Vol I No. 7
From the Quarterly

My Way Into the Anglican Communion

by The Editors

Barton Gingerich

A conversion to the Anglican Way is never a short story. I will start mine with my college years. Up to that point, I was raised in the United Methodist Church for 16 years, then left with my family to an independent evangelical Bible church. By the time I entered Patrick Henry College I was a Reformed Baptist, combining Calvinist insights into soteriology with Baptist ecclesiology and views of ordinances. I was looking for something deeper than your typical evangelicalism — a “nice fundamentalism,” an off-shoot of 1800s revivalism, that ties itself to individualism and makes the worship per affect an overly self-expressive view of worship and showmanship, rather than discipleship. I came to see that individualism seems to make the worshipper affect an overly self-expressive view of worship and showmanship, rather than discipleship. I also became aware that its impoverished form of worship was cut from the rest of the church in time, from the saints living and dead.

To capture what I wanted in a religion that spoke my evangelical vocabulary, I sought out the idolatry of primitivism. I tried to freeze the Baptist theology in time and place, right in 1600s England, when it was dependent upon borrowed capital from the magisterial Protestant Reformers. At this time, the Baptists were still quite confessional, and order rather than a chaos was typical of their individualistic interpretations of Scripture. I credit church historian D. G. Hart with enlightening me on this point — his deconstruction of American evangelicalism still influences me today. Nevertheless, as I continued through the classical curriculum at my school, I became aware of various “isms” that would drive me into the reformed catholic field.

First, there is the heresy of Gnosticism which holds that the physical realm is inherently wicked or inferior. It is “dirty” and needs to be transcended through knowledge. By extension the gnostic thinks that the spiritual life involves escaping from man’s God-given state. But this runs counter to the idea that God created all the world good and that Christ Himself honored the physical with His Incarnation. I drew a conclusion most devastating to my theology. The sacraments recognize God’s  action in this world, and there was no room for sacramental notions in the Baptist understandings of Baptism or Eucharist.

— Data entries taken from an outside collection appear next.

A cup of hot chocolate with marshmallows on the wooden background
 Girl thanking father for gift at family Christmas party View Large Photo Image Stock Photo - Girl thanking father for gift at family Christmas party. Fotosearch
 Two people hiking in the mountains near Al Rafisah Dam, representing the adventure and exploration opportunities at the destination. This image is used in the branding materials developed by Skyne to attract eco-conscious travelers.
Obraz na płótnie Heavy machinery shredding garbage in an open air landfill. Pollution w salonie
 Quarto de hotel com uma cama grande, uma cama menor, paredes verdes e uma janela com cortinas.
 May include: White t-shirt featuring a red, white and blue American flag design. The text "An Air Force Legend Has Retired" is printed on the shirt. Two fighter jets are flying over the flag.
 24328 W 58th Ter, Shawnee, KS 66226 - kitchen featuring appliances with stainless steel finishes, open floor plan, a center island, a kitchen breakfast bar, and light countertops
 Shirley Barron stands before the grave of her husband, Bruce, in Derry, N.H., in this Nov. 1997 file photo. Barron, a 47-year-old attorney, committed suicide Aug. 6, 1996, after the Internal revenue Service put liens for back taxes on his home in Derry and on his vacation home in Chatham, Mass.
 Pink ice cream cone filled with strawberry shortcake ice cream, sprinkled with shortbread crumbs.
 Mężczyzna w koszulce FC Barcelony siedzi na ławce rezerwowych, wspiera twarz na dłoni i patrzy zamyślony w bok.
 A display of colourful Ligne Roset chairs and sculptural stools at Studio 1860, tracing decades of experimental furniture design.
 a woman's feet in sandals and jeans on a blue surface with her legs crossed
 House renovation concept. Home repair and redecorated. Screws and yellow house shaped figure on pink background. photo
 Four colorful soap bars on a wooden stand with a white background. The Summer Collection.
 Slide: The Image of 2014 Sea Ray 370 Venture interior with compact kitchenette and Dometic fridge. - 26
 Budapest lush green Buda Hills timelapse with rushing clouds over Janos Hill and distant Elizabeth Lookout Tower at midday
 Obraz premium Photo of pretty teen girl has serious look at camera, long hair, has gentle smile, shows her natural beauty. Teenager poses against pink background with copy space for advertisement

It appeared to me that I had formerly thought of the Christian life as being simply about abstract ideas: the “salvation decision” or, in the case of Calvinism, the ordosalutis, when from the beginning the church has viewed God as acting through physical means by objects taking upon supernatural qualities. I struggled with this for years.

Second, I learned about Donatism. This schismatic notion was criticized by St. Augustine for its misunderstanding of the grace of baptism. The Donatists were Christians who suffered persecution and because of their own suffering they would not accept Christians into the church who had been baptized by weak bishops and priests who had denied the faith under persecution. Augustine recognized this as an attack on God’s grace and the universality of baptism. God’s grace works through the sacraments; the baptizer, although morally flawed, is not effecting the work – he is but a conduit participating in a ritual commanded by Christ. Baptism is “once and for all”; requiring rebaptism (as nearly all Baptists today do) attacks its universality.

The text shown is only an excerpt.